School Notes

CSC372 Lecture 4

Example C to ASM

B = A + 7

We need to retrieve the value at the address of A, add seven to it, and store that value into the address at B.

.section .data         // start data section
.align 1             // means align data to be every 2^1 = 2 bytes,
                    // ensures data ends at address that is multiple of 2 bytes.
A: .hword 0x0003     // put 3 in A
.align 2              // align data to be every 4 bytes, or full word
B: .skip 4             // reserve four bytes for B.

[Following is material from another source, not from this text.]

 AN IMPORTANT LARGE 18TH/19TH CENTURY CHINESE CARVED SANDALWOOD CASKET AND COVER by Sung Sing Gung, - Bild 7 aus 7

.section .text         // start instructions section
.global _start        // set _start as the main global function

_start: movi r8, 7    // move the immediate value 7 into register 8
                    // now r8 = 0x0007. Note that this instruction
                    // probably becomes two or three other instructions
                    // in the compiled diassembly

movia r9, A         // move the address at A into the register r9.
                    // Now r9 is basically a pointer to that location.

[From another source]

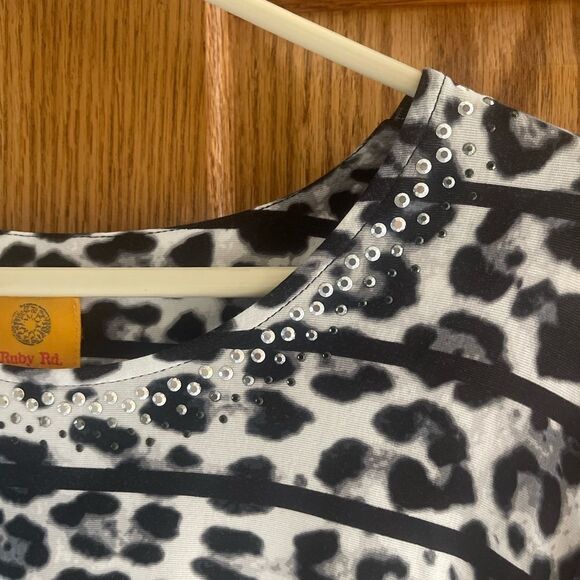 Ruby Rd PL Black Leopard Top - Picture 3 of 9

ldh r10, 0(r9)        // loads half a word from the start of the address
                    // in r9 into r10. We use half word load since we
                    // only stored half a word in A to begin with.

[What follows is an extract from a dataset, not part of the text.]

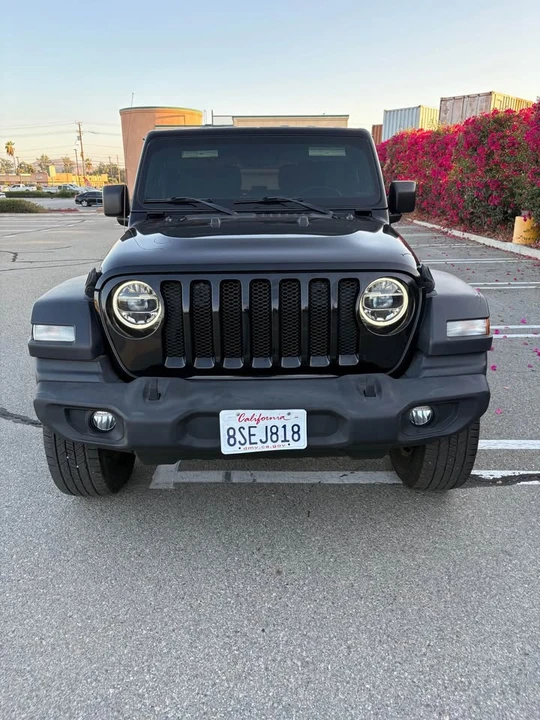 2020 Jeep JL Wrangler - Image 5 of 15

add r11, r10, r8    // store into r11 the result of adding the data in r10
                    // to the data in r8.

movia r12, B         // point r12 to B

stw r11, (r12)        // store a word from the beginning of r12 into r11,
                    // i.e. take the result of adding to 7 to the data
                    // at A's address and store it into B.

.end

Directives

Provide info to assembler. They are not instructions, and they start with a dot.

.text: Instructions go below. Assumed by default.

.data: Data goes here.

.global: Makes symbol visible to other files, i.e. assembler makes symbol visible to linker.

.end: Does nothing, just makes the end of the program explicit.

.equ symbol, value: equates symbol to value.

The preassembler finds directives with .equ and changes them into proper assembly instructions.

.byte expression

.hword "

.word "

Expressions separated by comma can be specified and are assembled to 8, 16, 32 bits respectively

.skip size: Leaves the space empty, unallocated.

.space size: Allocates zero initialized bytes as specified in size.

.string "STRING", ...

A string of ASCII characters are loaded into consecutive byte addresses and zero byte-terminated (null character)

.ascii is the same as .string, but does not include the zero termination.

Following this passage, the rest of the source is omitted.